** Opening Record set block **

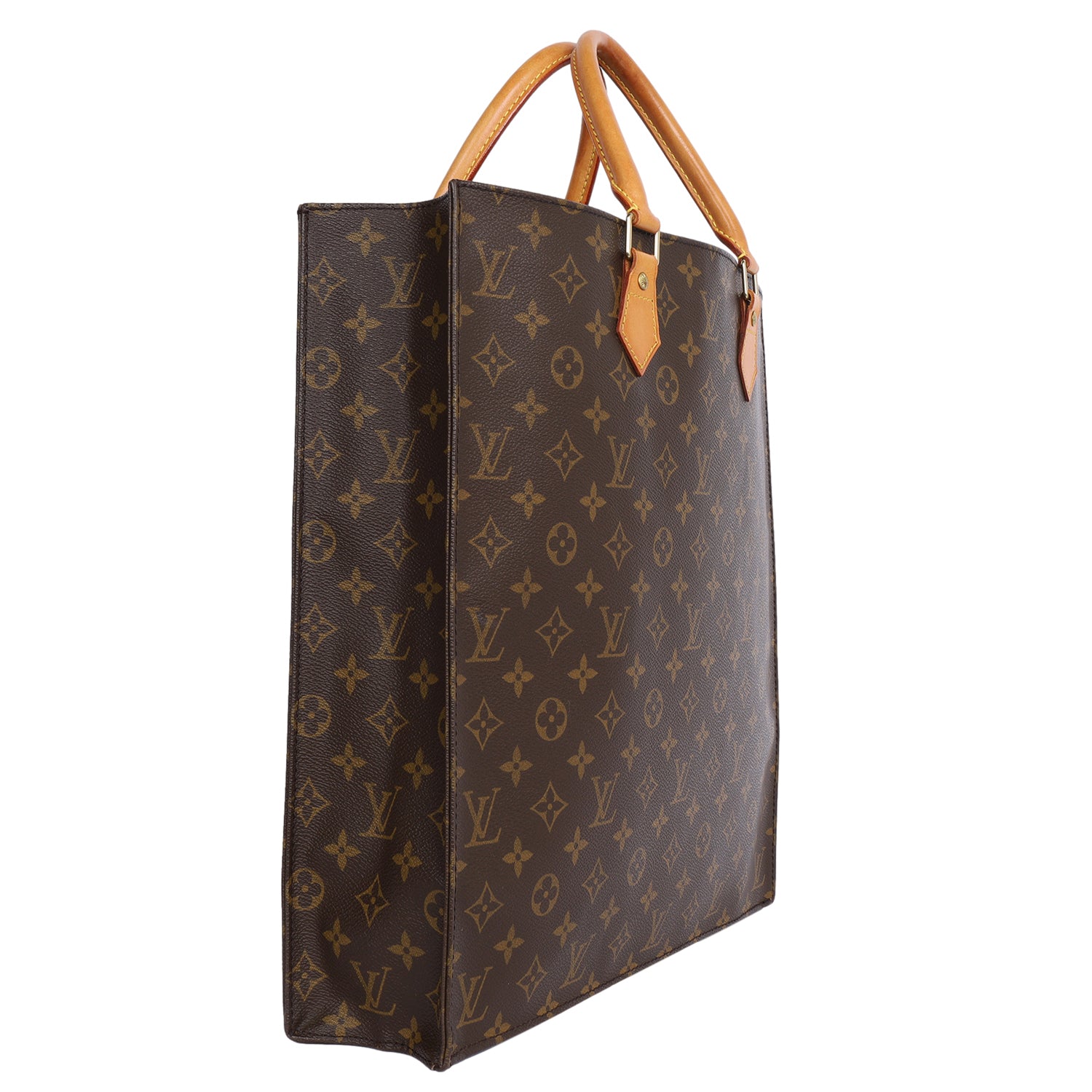 Louis Vuitton Monogram Sac Plat BB Compare with Vintage Monogram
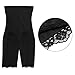 Ekouaer Tummy Control Shapewear Womens Butt Lifter Enhancer Panty Black, Small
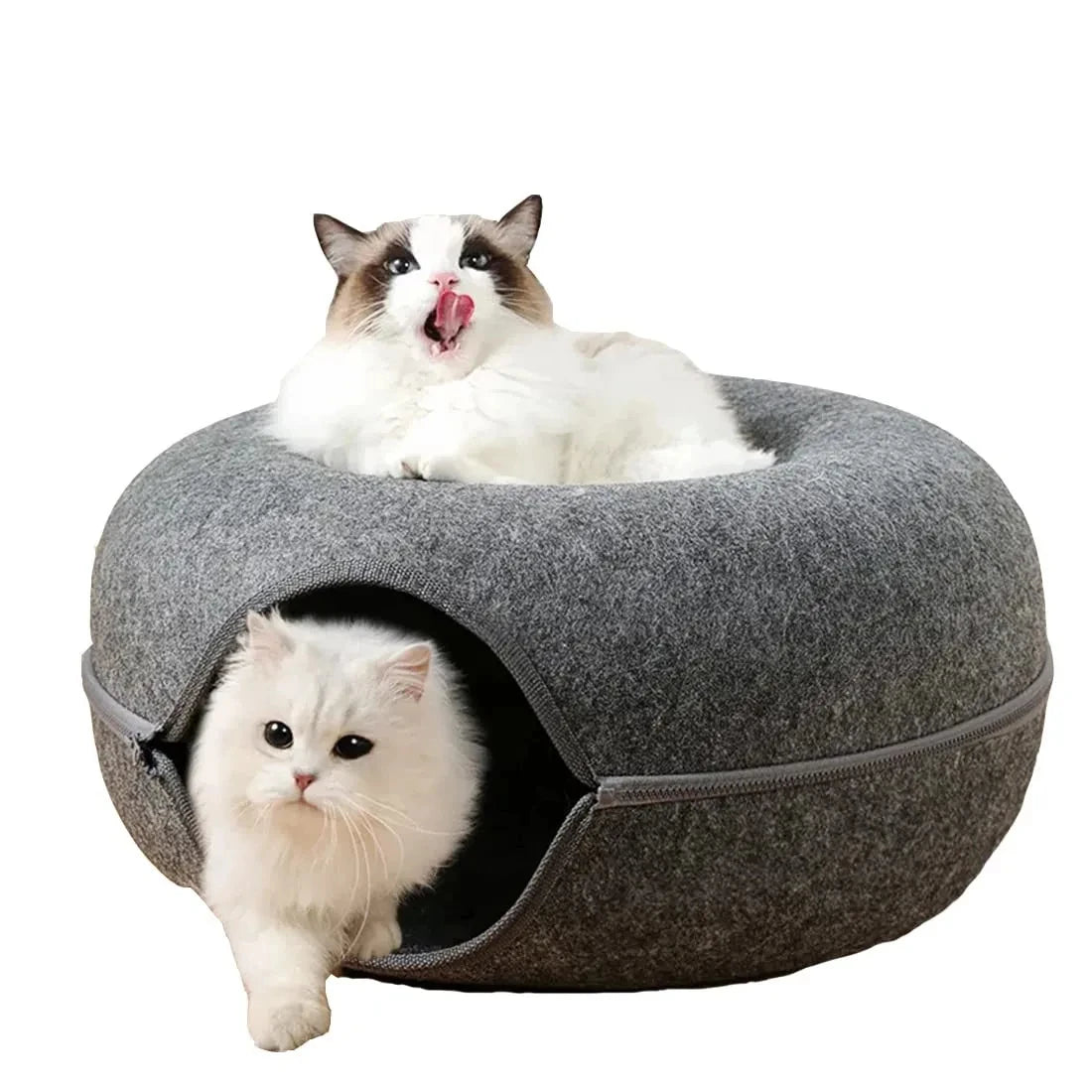 Interactive Round Small Cat Tunnel Nest
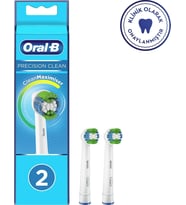 Oral-B  EB-20RB Şarjlı Diş Fırçası Yedek Başlığı Precision Clean 2'li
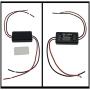 Brake Light Flasher Strobe Brake Light Strobe Tail Light Strobe Brake Flasher LED Flash Module Flash Strobe Controller for Motorcycles Cars Trucks Brake Light Tail Stop Light 12-30 V (4 Pieces)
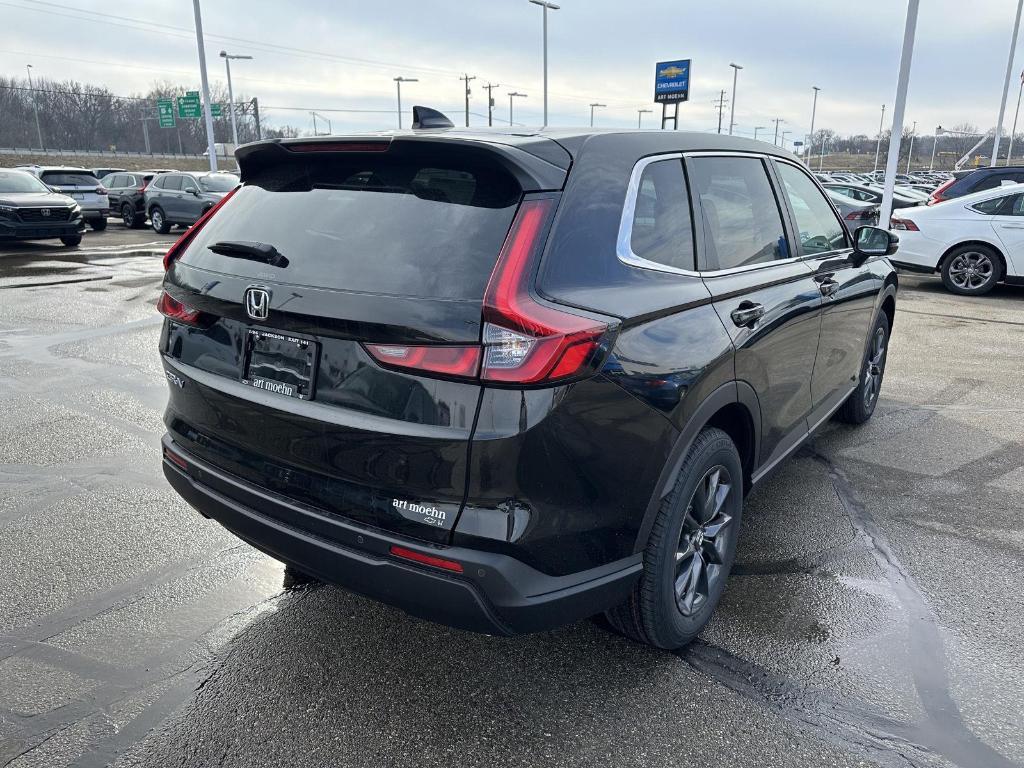 new 2026 Honda CR-V car, priced at $38,350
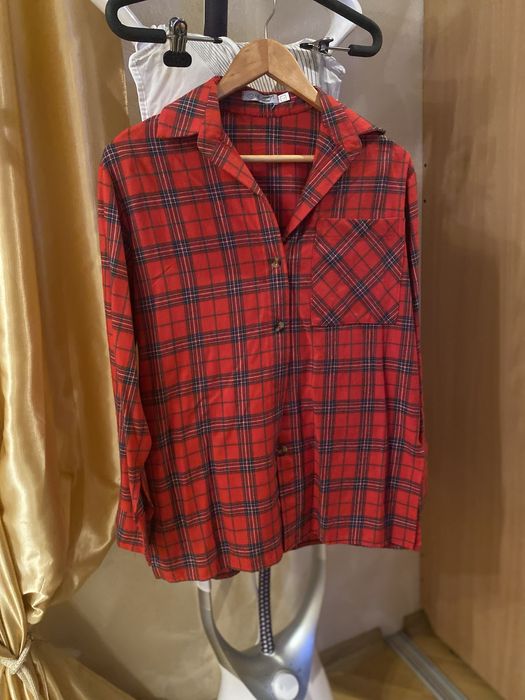 Рубашка в клітинку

** Closing Record set block **

Task statement: Give every entry again as it is, dropping its pictures.

Reply to the task:
 Louis Vuitton Monogram Sac Plat BB Compare with Vintage Monogram
 Ekouaer Tummy Control Shapewear Womens Butt Lifter Enhancer Panty Black, Small
 Interactive Round Small Cat Tunnel Nest
 Oral-B  EB-20RB Şarjlı Diş Fırçası Yedek Başlığı Precision Clean 2'li
 Brake Light Flasher Strobe Brake Light Strobe Tail Light Strobe Brake Flasher LED Flash Module Flash Strobe Controller for Motorcycles Cars Trucks Brake Light Tail Stop Light 12-30 V (4 Pieces)
 new 2026 Honda CR-V car, priced at $38,350
 Рубашка в клітинку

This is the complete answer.